The contrast between Heidegger and Lévinas has many faces. Today, talking to my friend Luciana Ferreira, who has been lured by this contrast for years (and wrote a beautiful book called "The 'other' in Heidegger is the 'same' in Lévinas?"), she remarked that she likes to think about the contrast as rather between any and other. For Heidegger, the being would be any being, no more than an opening. An any, in a sense, cannot be a same. In other words, existence is anything, not a mode (of existence) in particular. If Heidegger is an existential monist (a mononteist), he is a monist of the any, a special kind of monist. Still, we went on, there is a difference between the any and the other. Lévinas was not chiefly interested in pluralism, but rather in alterity.
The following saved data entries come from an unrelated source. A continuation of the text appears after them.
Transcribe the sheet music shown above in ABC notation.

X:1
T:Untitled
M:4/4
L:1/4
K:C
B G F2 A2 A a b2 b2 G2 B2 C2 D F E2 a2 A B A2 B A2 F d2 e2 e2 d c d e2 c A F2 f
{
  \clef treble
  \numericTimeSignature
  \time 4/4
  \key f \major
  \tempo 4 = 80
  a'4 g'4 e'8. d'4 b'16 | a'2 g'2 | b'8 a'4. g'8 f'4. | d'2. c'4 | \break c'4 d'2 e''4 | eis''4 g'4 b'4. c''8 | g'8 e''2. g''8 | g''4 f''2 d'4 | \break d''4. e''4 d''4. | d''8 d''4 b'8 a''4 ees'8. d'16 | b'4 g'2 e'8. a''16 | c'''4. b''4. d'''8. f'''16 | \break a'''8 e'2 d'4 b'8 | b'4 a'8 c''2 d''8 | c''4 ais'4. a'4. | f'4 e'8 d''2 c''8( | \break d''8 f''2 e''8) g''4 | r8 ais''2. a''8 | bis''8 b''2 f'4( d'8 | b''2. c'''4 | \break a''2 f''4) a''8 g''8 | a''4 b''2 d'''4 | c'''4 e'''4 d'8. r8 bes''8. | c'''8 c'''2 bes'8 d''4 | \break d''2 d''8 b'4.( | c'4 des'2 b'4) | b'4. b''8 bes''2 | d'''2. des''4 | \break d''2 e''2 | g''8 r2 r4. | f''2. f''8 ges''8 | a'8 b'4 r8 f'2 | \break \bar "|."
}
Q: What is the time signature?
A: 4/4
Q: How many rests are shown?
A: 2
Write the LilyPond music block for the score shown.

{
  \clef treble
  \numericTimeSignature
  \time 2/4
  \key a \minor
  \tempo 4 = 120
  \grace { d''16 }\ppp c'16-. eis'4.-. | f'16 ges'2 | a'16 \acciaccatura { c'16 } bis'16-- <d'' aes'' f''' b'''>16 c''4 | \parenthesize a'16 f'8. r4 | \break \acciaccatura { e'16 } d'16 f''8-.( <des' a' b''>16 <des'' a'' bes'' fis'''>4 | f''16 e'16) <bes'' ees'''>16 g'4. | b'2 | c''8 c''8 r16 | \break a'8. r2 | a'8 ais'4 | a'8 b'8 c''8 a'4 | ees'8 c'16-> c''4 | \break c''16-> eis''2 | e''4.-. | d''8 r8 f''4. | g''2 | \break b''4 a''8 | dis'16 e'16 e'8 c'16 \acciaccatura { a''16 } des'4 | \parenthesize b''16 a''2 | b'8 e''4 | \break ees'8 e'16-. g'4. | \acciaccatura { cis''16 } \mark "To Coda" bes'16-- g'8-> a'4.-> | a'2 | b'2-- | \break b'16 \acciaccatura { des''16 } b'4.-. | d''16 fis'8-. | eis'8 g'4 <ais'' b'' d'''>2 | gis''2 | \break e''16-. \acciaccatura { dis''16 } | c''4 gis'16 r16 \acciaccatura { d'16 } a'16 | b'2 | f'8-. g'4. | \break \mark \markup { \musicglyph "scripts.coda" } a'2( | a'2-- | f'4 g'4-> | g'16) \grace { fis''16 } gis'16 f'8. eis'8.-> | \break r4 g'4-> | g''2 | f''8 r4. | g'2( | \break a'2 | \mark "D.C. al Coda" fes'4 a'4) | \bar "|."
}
Maybe the any (anyism) is a good way out of the friction of existential pluralism and monism, but it contrasts with the other. The other invokes something else, a difference, that is not necessary there in the any. There is a dimension to the other that is not captured by the any, one has to say: you are another any. Maybe pluralism is alterity viewed from a third person perspective. If this is so, we can say that different things exist in different ways, in different ways of being any-way.

We can then find a spot to suspect, with Agamben, that there is something violent in saying that everything is equally open (or is equally any thing).